Basically there was no HF/VHF/UHF propagation path
directly between the two EOC's during the test. Plus the path is difficult
at best of times due to intervening mountain ranges. They had hoped HF
Sideband and HF Digital would bridge the gap...but the propagation gods were
against them...
Winlink was not planned to be included in the
SET. Winlink was tried as a total afterthought (because like you the EOC
managers were very skeptical of Winlink and strongly resisted its installation)
when all other modes failed..... I have been lead to believe that the EOC
Managers were hoping to use this as an opportunity to prove that Winlink would
also be useless in the SET Scenario.
Winlink worked by connecting on HF through a node
over a thousand miles away in Texas that was able to AUTOMATICALLY relay the
messages to the Imperial County EOC.
As I was out in the field at the time, and do not
have first hand knowledge, but I believe that Imperial County EOC was connecting
through a different Winlink Node.
Frankly.. the EOC managers were shocked that
Winlink was the only mode that worked when all else failed...as they had
expected Winlink to fail... and frankly the real world success has made a number
of them into Winlink converts.
Doc:
I loved your theoretical analysis of the
situation..
but the Bottom Line Real World results in the
Simulated Emergency Test which was designed by the EOC Managers to simulate the
effects of a 7.9 earthquake as realistically as they possibly
could...
... showed that Winlink Worked...
__________________________________________________________ Howard S.

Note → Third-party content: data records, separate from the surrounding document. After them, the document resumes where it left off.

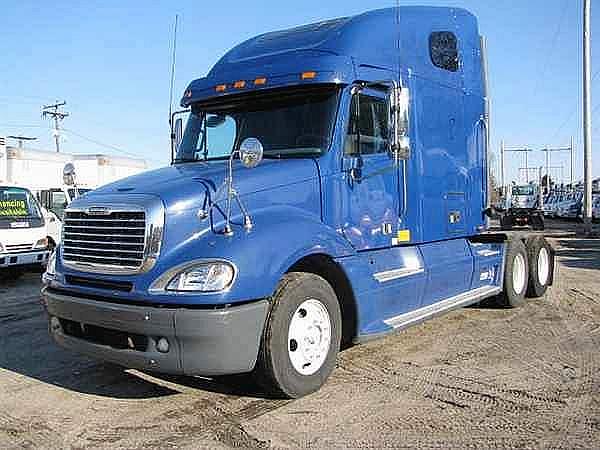 2005 FREIGHTLINER CL12064ST-COLUMBIA 120 Warwick Rhode Island Photo #0099502A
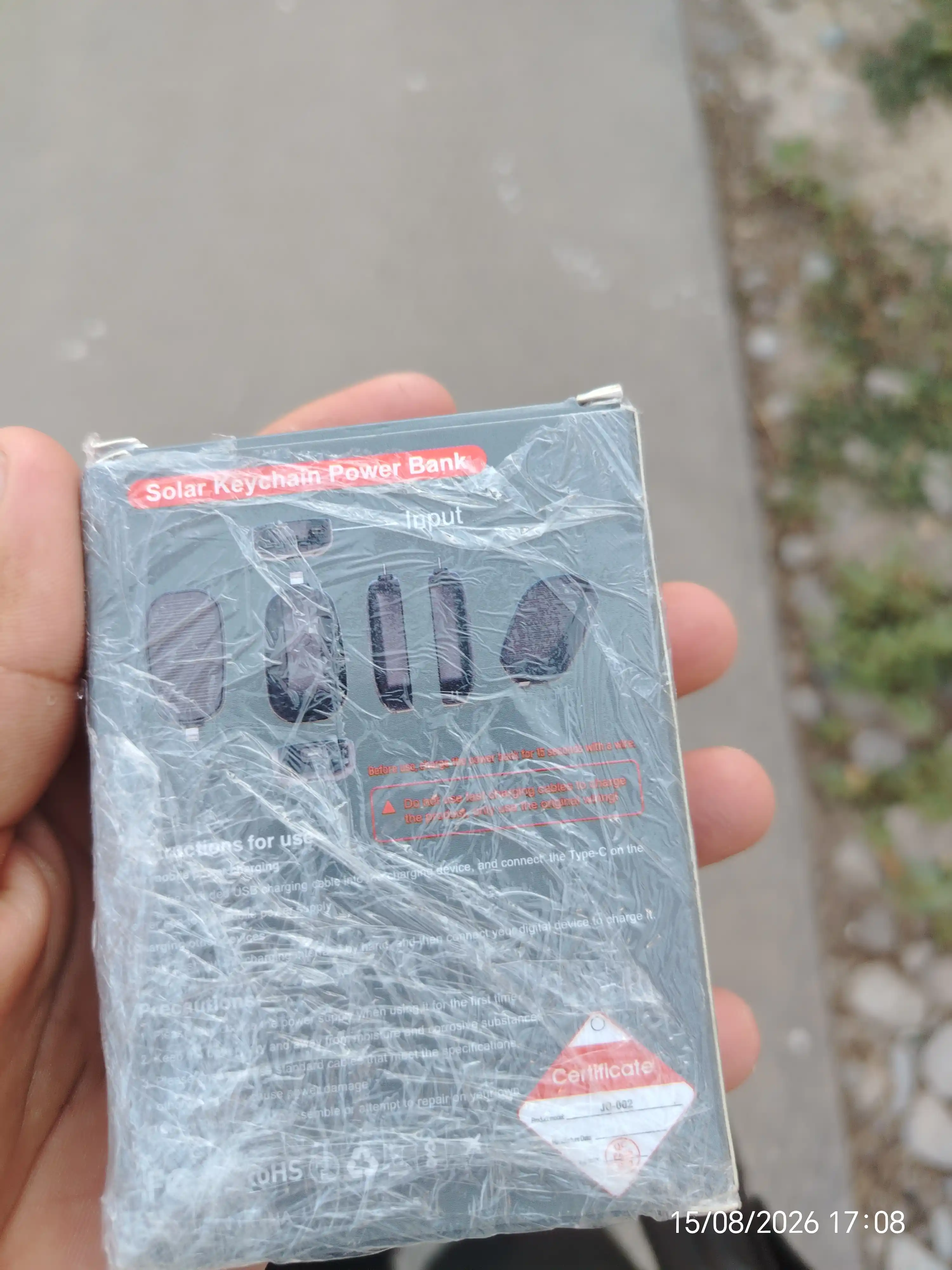 1500 mAh quyosh energiyasi bilan ishlaydigan portativ mini poverbank kalit zanjiri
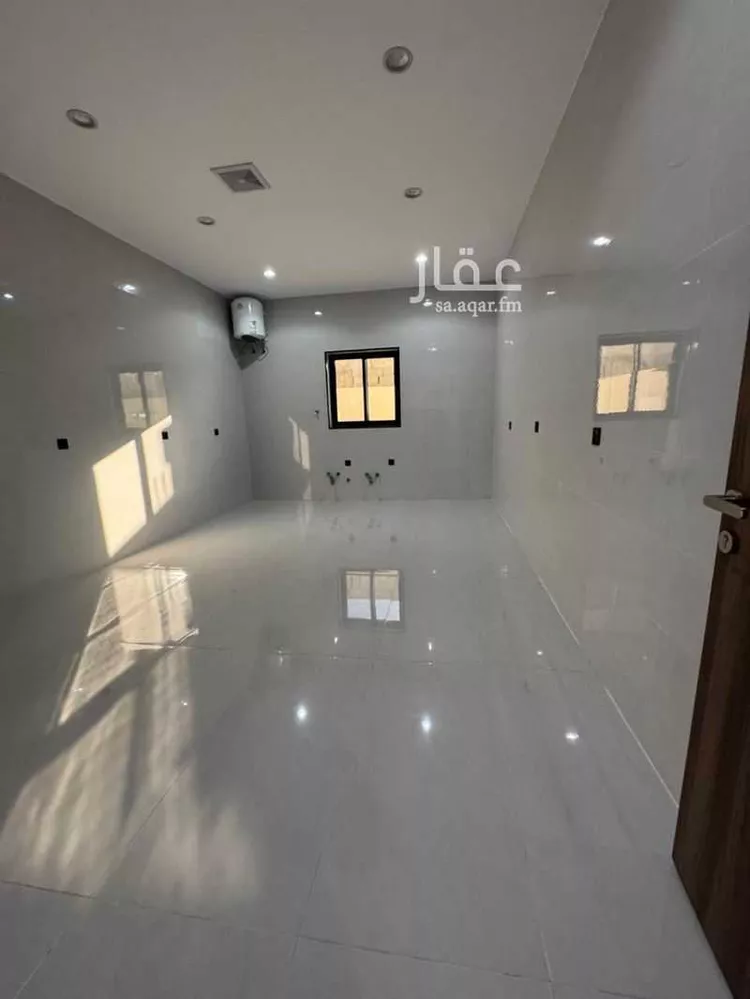 Floor for Sale in Medina King Fahd صورة 2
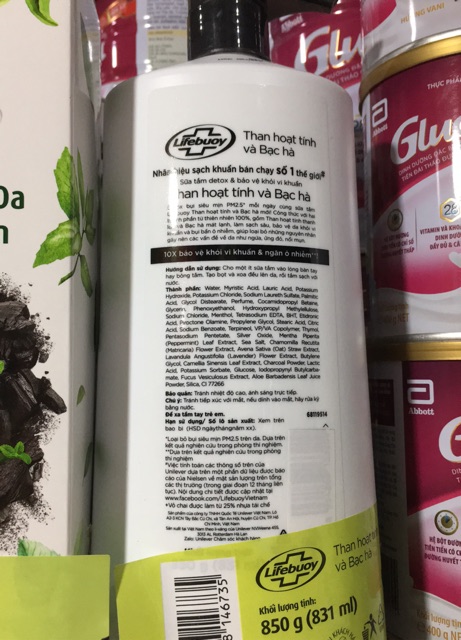 Sữa Tắm Lifebouy Than Hoạt Tính Và Cám Gạo Chai 800g (782ml)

White Ph.D. P. Eng., VE3GFW/K6 ex-AE6SM KY6LA Website: www.ky6la.com "No Good Deed Goes
UnpuAmanished" "Ham Antennas Save Lives - Katrina, 2003 San Diego Fires,
911"
----- Original Message -----
Sent: Thursday, February 23, 2006 7:14
AM
Subject: Re: [digitalradio] Re: NTS and
traffic handling and digital
> The point I am making is that us hams have a
lot > of tools in our EMCOMM arsenals.. and using this >
irrational hatred of Winlink...to discard one > of our tools makes no
sense...
I am unaware of anyone suggesting Winlink
being "discarded". That is a red herring.
The points I made,
and they were intentionally precise, were:
1. Were any other
weak-signal digital modes tested? Winlink is one of many, and one of the
most complex. Why test only the most expensive and the most
complex rather than several different digital modes?
2. In
proper emergency communications planning one *always* seeks the most
commonly available, least complex, and most effective mode(s) for
communication. There is no evidence that such was done re. digital modes
in this case.
3. Winlink was not listed as to be "discarded",
only as not the wise choice as a top-tier tool. Nothing presented
in your reaction/reply has in the slightest way factually argued against
that assertion.
There are standards and science which are
supposed to guide professional and wise decision making for emergency
communications.
The assertion that Winlink is (or was) the only
and best mode simply fails to meet the standard. That Winlink was
the *only* weak-signal digital mode tested makes an entirely different
statement having nothing to do superiority and something else to do
with skewing the playing field.
How about inviting operators of
several different digital modes to the test. Then using
real-world probabilities postulate equipment failure. It
is impossible to not find a higher probability that necessary pairs of
rare Winlink stations at both critical ends will either not be in place or
suffer some sort of failure then one of the more common (due primarily
to cost) and more reliable (due primarily to simplicity) digital modes will
really be there when things really get ugly.
Let me
illustrate.
If one does a test that says that one must complete a
relay of a package across difficult terrain and the vehicles chosen are two
each Chevy S10's (SSB Voice), Honda Accords (CW), SUVs (complete VHF/UHF FM
Repeater Link system), and Hummer H2s.
Those vehicles would need to
be in precise positions (the equivalent of EOC's) prior to the suddenly
declared relay. They would have to be fully fueled, manned
by competent drivers, and absent mechanical problems.
One would face
a series of serious challenges.
Winlink, like the Hummer H2, is rare
and the probability that sufficient hardware/software combinations at
both ends (and "both ends" is an unpredictable because EOC's may be
breached by an earthquake or terrorist attack) when needed with antennas
and power and everything required is highly improbable in a properly
designed scenario.
Furthermore, due to the complexity of Winlink
the probability of failure in one or both of the rare pairs required is
also high.
Just as they postulated that your vhf/uhf repeater would
fail so they would equally have to postulate the failure of one specific
Winlink pair being in perfect position operating perfectly undisturbed
by the same or some other variable.
If one postulates that the very
common (Read: redundancy) S10s, Accords, and SUV's all failed and that two
rare Hummers were in the right place at the right time with all
variables intact and suffered no failures (in spite of the
complexity and in spite of no redundancy due to cost) one has
postulated an absurdity.
Consider the many other far more common
digital modes and one sees clearly the fallacy of the
Winlink/Hummer postulate. In emergency/mission-critical
planning redundancy is king.
These are simple and indisputable facts
that no emergency management professional may ignore unless he wants to
end up like the former FEMA Director.